The aim of this study is to get better performance of the enhancement of heat transfer in a tubular U-loop pipe using different twisted tape inserts. Our model has been conscious as the geometry forms across the flow which enhances the heat transfer. The purpose of using inserts in our model is to increase layer to layer friction and presence of the inserts promotes enhanced heat transfer due to mixing.

3. Governing Equation

In this model we consider the heat transfer phenomena from side to side a U-loop tubular pipe. Thus we have preferred the physics, as non-isothermal laminar flow. In this physics heat flows by conduction, convection via flowing fluid it can be referred as both transportation of heat and mass.

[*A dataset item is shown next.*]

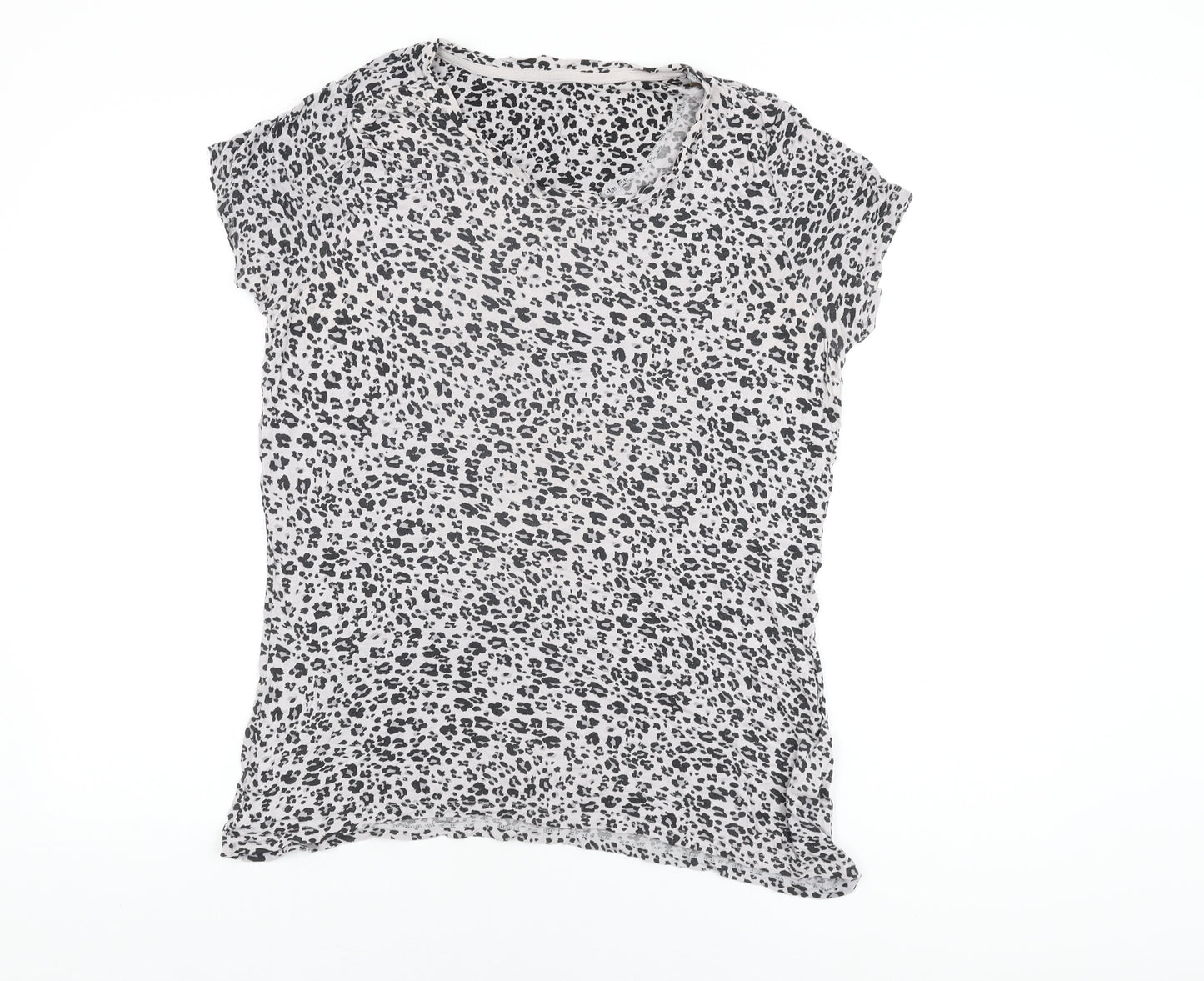 Marks and Spencer Womens Grey Animal Print Viscose Basic T-Shirt Size 16 Round Neck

The governing equations which describe the flows are the Continuity equation and the Navier-Stokes equations given below:

$\frac{\partial \rho}{\partial t}+\nabla \cdot \left(\rho u\right)=0$ (1)

$\rho \frac{\partial u}{\partial t}+\rho \left(u\cdot \nabla \right)u=\nabla \cdot \left[-PI+\lambda \right]+F$ (2)

It also solves the heat transfer through a fluid and governed by the following equation:

$\rho {C}_{p}\left(\frac{\partial T}{\partial t}+\left(u\cdot \nabla \right)T\right)=-\left(\nabla \cdot q\right)+\tau :S-\frac{T}{\rho}{\frac{\partial \rho}{\partial t}|}_{p}\left[\frac{\partial \rho}{\partial t}+\left(u\cdot \nabla \right)p\right]+Q$ (3)

where,

$S=\frac{1}{2}\left(\nabla u+\left(\nabla u\right)T\right)$ (4)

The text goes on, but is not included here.